Au plan politique, cette fois, si « l’homme est un loup pour l’homme », si nous sommes naturellement égoïstes et mauvais dans notre quête du bonheur individualiste, là encore la raison va chasser le bonheur de ses « affaires » en l’interdisant par la loi. Le bonheur serait une mauvaise passion. Hobbes, dans le Léviathan, affirme que le bonheur est ce à quoi il faut renoncer. En effet, le bonheur est « une continuelle marche en avant du désir, d’un objet à un autre, la saisie du premier n’étant encore que la route qui mène au second ». Le désir de bonheur est donc sans limite. Les êtres humains souhaitent finalement vivre en sécurité dans la société plutôt que libres et heureux de faire ce qu’ils veulent, poussés par leur mauvaise nature. Les lois nous permettent de rester en vie et de renoncer à la satisfaction qui consiste à exercer son pouvoir individuel sur toute chose et sur tout être. Pour cela, il faut un pacte social, collectif, de la raison : que chacun s’en remette au pouvoir d’un chef suprême.
Mais faudrait-il dès lors renoncer à tout bonheur au nom de la morale ? Par ailleurs, si le bonheur n’est pas affaire de raison, alors de quoi le bonheur est-il affaire ?
Le bonheur n’est pas affaire de raison mais d’imagination
Le bonheur n’est pas affaire de raison mais d’imagination
Essayez dans la 3e partie de prendre position mais de façon nuancée : si vous dites que le bonheur n’est pas affaire de raison, ne mettez pas complètement la raison de côté.
Si le bonheur n’est pas affaire de raison et que l’imagination (qui invente des images, des fictions, des idéaux) est le contraire de la raison (qui est plus réaliste), alors le bonheur est affaire d’imagination. Mais de quelle imagination s’agit-il ?
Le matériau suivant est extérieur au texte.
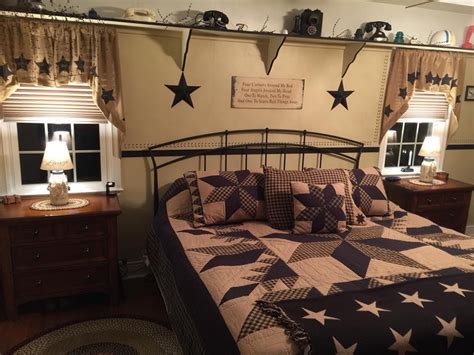 Pin by Tracy Horn on My style (With images) | Home decor ...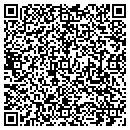 QR code with I T C Networks LLC contacts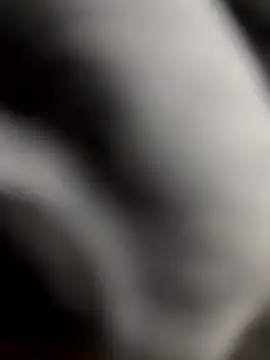 Snapshot of Lapampara0 chatting on 10-12-25, 04:22 Lapampara0 online show from 10-12-25, 04:22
Il faut commencer par rejeter l’une des formes de l’imagination qui ne peut produire qu’un bonheur illusoire et irraisonnable. Pour Kant, le bonheur constitue « un idéal de l’imagination » et non de la « raison » qui, elle, produit des concepts plutôt que des images. Dans la Critique de la raison pure, Kant définit le bonheur tel que le sens commun se l’imagine : « le bonheur est la satisfaction de toutes nos inclinations », c’est-à-dire de toutes nos tendances, dans leur variété, leur intensité et leur durée. Autrement dit, l’imagination contre la raison se représente le bonheur comme un idéal absolu, une satisfaction de tous les désirs, complète, maximale et durable. Ce qui est impossible.
Mais l’imagination n’est pas toujours la source d’un bonheur illusoire. Elle peut être également, notamment dans le domaine de l’art, la source d’un bonheur réel. Si pour Schopenhauer le bonheur courant est difficilement accessible (« La vie oscille tel un pendule entre la souffrance et l’ennui »), en revanche, la fonction de l’imagination, en tant que prolongement de la contemplation et de l’intuition artistiques, est une condition d’une esthétisation du monde qui rend heureux. Dans le chapitre 36 du Monde comme volonté et comme représentation, Schopenhauer conçoit le bonheur artistique – le seul possible qui soit vraiment noble – dans la contemplation : « la connaissance pure, pure de tout vouloir, la jouissance du beau, le vrai plaisir artistique ». Le génie connaît de vrais moments de bonheur ; et comme il communique son intuition à son public, les non-artistes qui côtoient l’art peuvent alors éprouver un certain degré de bonheur. Certes la raison est présente dans l’art qui rend heureux : il faut savoir compter pour faire de la musique et mesurer pour faire de la sculpture. Mais le bonheur n’est pas « affaire » de raison ; la raison constitue un moyen en vue de buts plus haut : l’état de grâce esthétique, l’extase. Si l’imagination repousse l’horizon de l’expérience courante, elle dépasse les limites des petits bonheur furtifs.
Ouvrez la réflexion sur une notion voisine du programme (ici par exemple la liberté).
Conclusion
Nous avons donc vu en quoi le bonheur serait ou non affaire de raison. On pourrait se demander si le bonheur ne serait pas, plutôt qu’une affaire de raison, une question de liberté.